Trudeau spent last weekend meeting African Union leaders at their summit in the Ethiopian capital of Addis Ababa and has started a two-day official visit to Senegal on the continent’s western tip.
The prime minister is mainly focused on winning African support for Canada’s bid for a temporary seat on the UN Security Council in a vote later this year, but he did manage to kickstart talks in Ethiopia toward a foreign investment protection agreement.
On many of Addis Ababa’s streets, buildings are under construction under a skyline dotted with cranes. Many of the projects have been started by keen developers who hope to find investors to enable their completion.
The investments come often enough that now there is hope for more.
“Ethiopia can be connected,” said Samrawit Moges, who founded the company Travel Ethiopia 26 years ago. “We are the origin of humankind.
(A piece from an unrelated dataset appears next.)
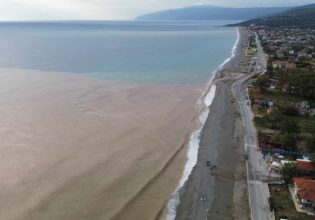 Λάρισα: Καφέ η θάλασσα στον Αγιόκαμπο από τα φουσκωμένα ρέματα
We are the origin of coffee.”
Selam Wondimu, the founder and managing director of Grohydro Manufacturing, which makes hydroponic farming technology and equipment, said she sees a country gaining confidence.
But Ethiopia won’t be able to go where it wants to without outside help, she said.
“To create the Africa we want, we need this kind of collaborating,” Wondimu said. “Yes, we need technology, transformation, partnerships.”
Canada needs to speed its efforts with a comprehensive economic and development strategy because even though it has tripled its exports to the continent in this century, Canadian products still account for less than one per cent of what Africa imports, a new report from the business group concludes.
Meanwhile, the European Union has negotiated partnership agreements, China is investing billions in new infrastructure through its Belt and Road Initiative, and the U.S. is countering China’s push with its own Prosper Africa project, the report says.
“The bottom line is we’re underperforming in Africa,” said council vice-president Brian Kingston. “Everyone is moving into the region and Canada better have a strategy and a plan if we want to be well-positioned there.”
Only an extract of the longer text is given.